Claire Lowdon

Anthony Holden is nostalgic for journalism’s good old bad old days

The former foreign correspondent and biographer recalls a career spanning 50 years that included first-class travel and endless freebies

Anthony Holden in 1988. Credit: Getty Images 
issue 27 November 2021

After a career spanning 50 years, 40 books and about a million parties, Anthony Holden has written a memoir. Based on a True Story is bookended by touching accounts of his childhood and old age. Born in 1947, Holden grew up in Southport. His adored grandfather, Ivan Sharpe, played football for England, winning gold at the 1912 Olympics. In later life he was a sports writer, and would take the young Holden to the press box at Liverpool or Everton, tasking him with noting down the game’s statistics. Holden dates his journalistic ambitions to the early thrill of ‘seeing my numbers in print in the very next day’s edition of the Sunday Times’.

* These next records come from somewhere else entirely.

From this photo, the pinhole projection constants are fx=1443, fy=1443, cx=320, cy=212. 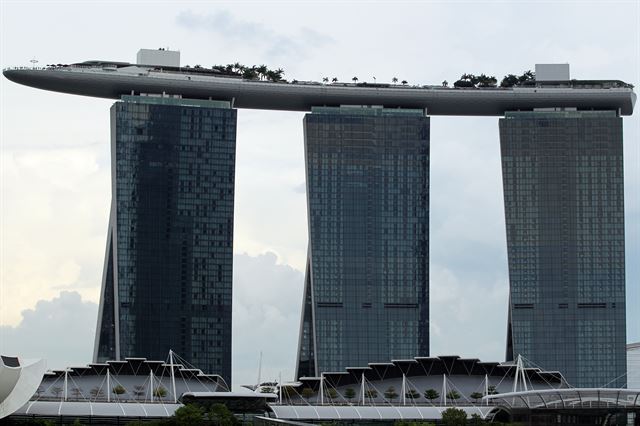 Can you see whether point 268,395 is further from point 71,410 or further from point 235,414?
point 71,410

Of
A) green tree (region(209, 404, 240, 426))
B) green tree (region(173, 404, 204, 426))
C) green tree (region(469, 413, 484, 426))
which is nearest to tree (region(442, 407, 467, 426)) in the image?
green tree (region(469, 413, 484, 426))

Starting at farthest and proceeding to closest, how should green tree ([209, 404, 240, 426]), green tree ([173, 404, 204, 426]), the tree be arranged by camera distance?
the tree, green tree ([209, 404, 240, 426]), green tree ([173, 404, 204, 426])

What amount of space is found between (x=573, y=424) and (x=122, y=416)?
59.7 meters

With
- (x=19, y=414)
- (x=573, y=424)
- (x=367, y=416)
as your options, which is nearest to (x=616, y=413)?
(x=573, y=424)

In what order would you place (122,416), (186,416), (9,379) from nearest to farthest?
1. (9,379)
2. (186,416)
3. (122,416)

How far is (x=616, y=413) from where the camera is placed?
182m

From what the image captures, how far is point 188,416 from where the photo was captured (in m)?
181

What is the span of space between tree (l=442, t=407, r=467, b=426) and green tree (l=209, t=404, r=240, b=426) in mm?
27014

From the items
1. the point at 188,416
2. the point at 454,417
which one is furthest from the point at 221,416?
the point at 454,417

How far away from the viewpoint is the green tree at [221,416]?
18350 centimetres

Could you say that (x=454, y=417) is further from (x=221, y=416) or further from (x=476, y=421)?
(x=221, y=416)

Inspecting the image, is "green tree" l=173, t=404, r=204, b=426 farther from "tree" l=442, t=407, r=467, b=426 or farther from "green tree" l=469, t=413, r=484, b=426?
"green tree" l=469, t=413, r=484, b=426

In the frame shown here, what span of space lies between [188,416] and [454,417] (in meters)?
34.1

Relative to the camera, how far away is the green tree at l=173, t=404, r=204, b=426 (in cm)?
18025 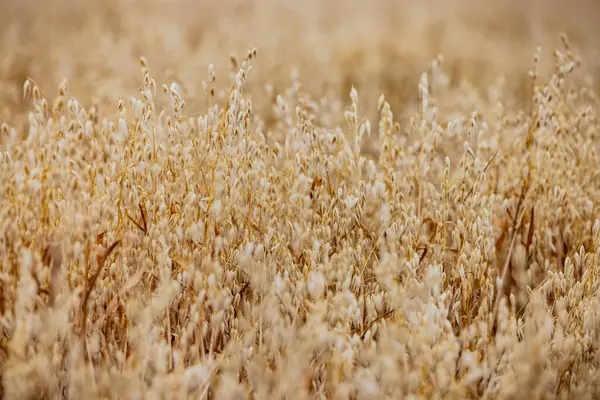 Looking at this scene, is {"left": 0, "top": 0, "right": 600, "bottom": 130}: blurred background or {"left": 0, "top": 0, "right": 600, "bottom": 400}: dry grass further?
{"left": 0, "top": 0, "right": 600, "bottom": 130}: blurred background

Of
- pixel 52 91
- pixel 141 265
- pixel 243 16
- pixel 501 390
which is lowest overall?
pixel 501 390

In 2017, Holden suffered a stroke that left him wheelchair-bound. His warmly good-humoured account of the tedious road to partial recovery gives a sense of a man much loved by his friends and his three sons (by his first wife, the translator and librettist Amanda Holden, who died in September). Though the book concludes with ‘the journalist’s perennially optimistic sign-off… more follows later’, the closing pages are elegiac, as Holden contemplates, from his retirement home, the recent deaths of many of his contemporaries.

‘Once upon a thyme…’

He has more contemporaries than most to lose. Between childhood and old age, Holden goes everywhere and meets everyone who is anyone. His memoir is long, but there is still barely room for the breathless list of jobs and books and schemes. The personal is peripheral: his two marriages take place strictly in the margins of this glorified ego-file.

Holden casts himself as a chimeric cat with many lives, lapping up literary lunches and always landing on his feet. His translation of Aeschylus’s Agamemnon was published before he left university. As editor of Oxford’s Isis — owned at the time by Robert Maxwell, who once locked Holden in his sauna for a joke — he was the first person to publish Christopher Hitchens.